I need to select the ROI of a gvcf using a bed file. This is the approach I have developed so far but I think it is quite inefficient
My bed tool is parsed like this
[('chr1', 36931694, 36931909, 'CSF3R.exon.17.line.1.chr1.36931697.36932509'), ('chr1', 36931910, 36932116, 'CSF3R.exon.17.line.1.chr1.36931697.36932509')]
and the code that does the interset is this
def roi(gvcf_data,bedregions):
'''Interset. Take ROI of the gVCF using
the bed file'''
rows = []
for region in bedregions:
for index, row in gvcf_data.iterrows():
if (region[0] == row['CHROM']) & (row['POS'] in range (region[1],region[2])):
rows.append([row['CHROM'], row['POS'],row['DP'], region[3]])
return pd.DataFrame(rows, columns=["CHROM", "POS", "DP", "Probe_name"])
This application will be deployed on the computer of one sequencer and I cannot install or do anything to finally use bedtools
Not what you want to hear but reinventing high-performance software in a non-performant language with the help of strangers on the internet is not what I'd call a clever investment of time. You should rather come up with a workaround to either find a way deploying software on that computer or outsource the computation to a machine you have rights to. Variant selection is extremely efficient via something like bedtools, tabix or bcftools.
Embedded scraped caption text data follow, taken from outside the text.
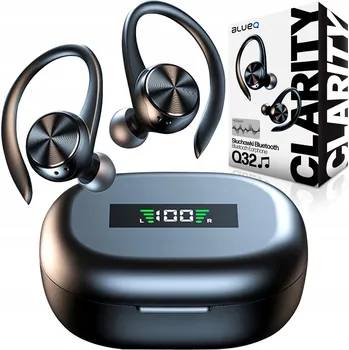 Sluchátka Bezdrátová sluchátka za uši Muzili G4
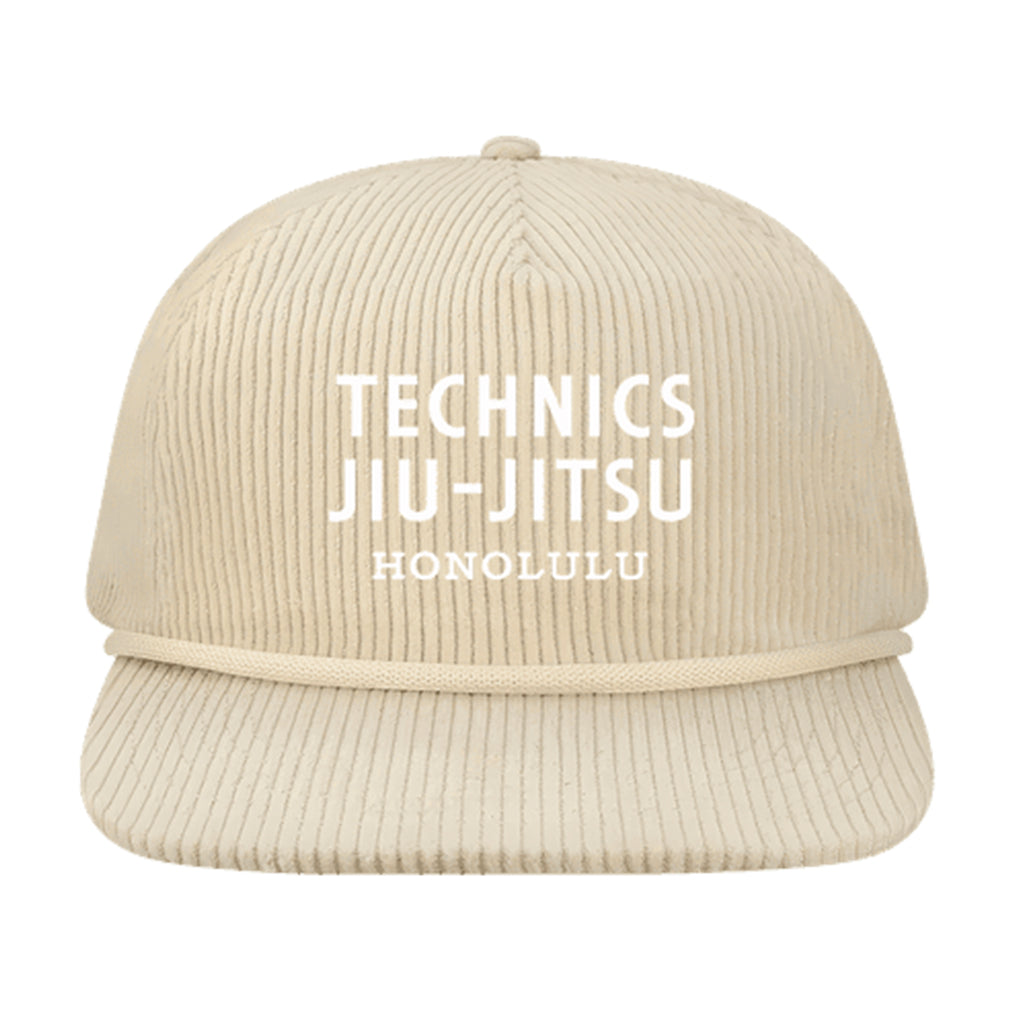 Technics Grandpa Corduroy Hat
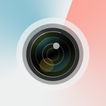 آیکون‌ KVAD Camera +: cute selfie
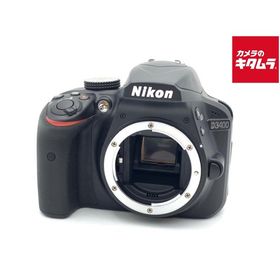【中古】 【美品】 ニコン D3400 ボディ ブラック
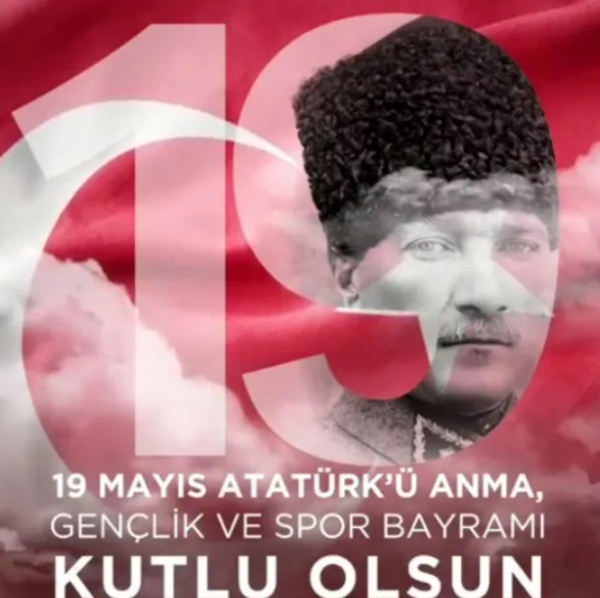 Ünlü isimler 19 Mayıs'ta Atatürk'ü böyle andı 9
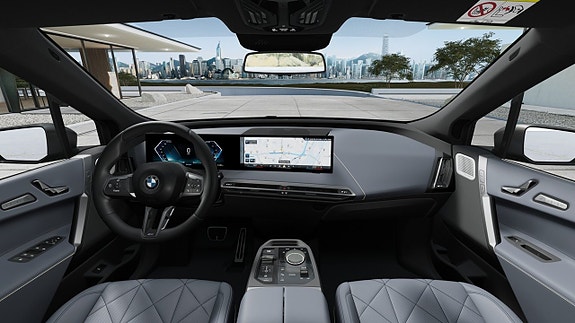 BMW iX 9 of 13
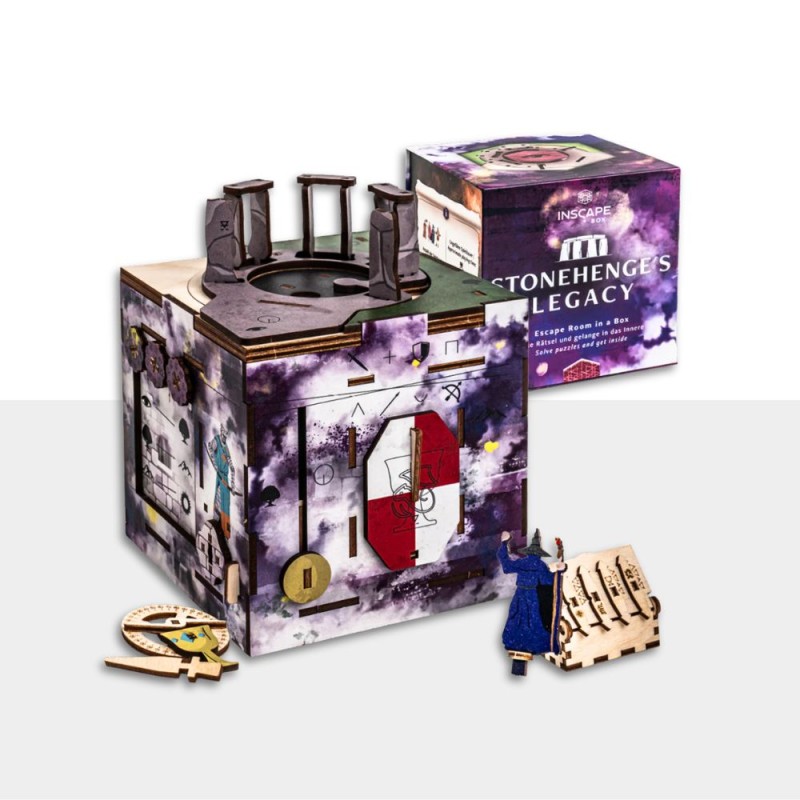 Professor Puzzle Secrets Of The Silver Screen – Gioco Murder Mystery, 8+ Giocatori, Età 14+, Ambientato Nel Selvaggio West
Why exactly can’t you compile existing software on that machine? I mean, imagine you tomorrow realize that you need a samtools equivalent or aligner on that computer. Not going to implement that, right?
Thank for your time.
There are many reasons I could give you to answer your question. Here are some of them,
1) First I am the trainee (but also the only bioinformatician) working in a clinical lab which means that my knowledge is limited.
2) The computer is in a sequencer that cost at the moment $128K.
3) Patient data cannot be sent to an external machine via the internet, all computers in my hospital are window. What is more, I have to have a serious discussion with the IT of our hospital because I was not able to even run a python application or similar programming language. So I cannot install a virtual environment to have for example Linux.
I have just developed a small application that after finishing the Illumina software that generates among other files, the gVCF files. And I have been called to create a report that informs the names of the probes of which one of their bases is lower than a cutoff. For this, I need to interset that gVCF file.
I don't think I'll waste too much time writing a few lines in this community to see if someone has a better idea. From these strangers (as you called them) I have learnt a lot, I have received a lot of help and I have helped
Patient data cannot be sent to an external machine via the internet
But you surely have a network backup in place, no? So maybe you can access the files from the backup instead directly on the sequencing computer? After all, the machine running your tool doesn't need to be connected to the internet, if you pack your software and its dependencies into a container and deploy it on a computer that is part of the trusted network.
As far as your Python question is concerned, you could try to use cgranges instead (see the python subfolder in die repo for an example).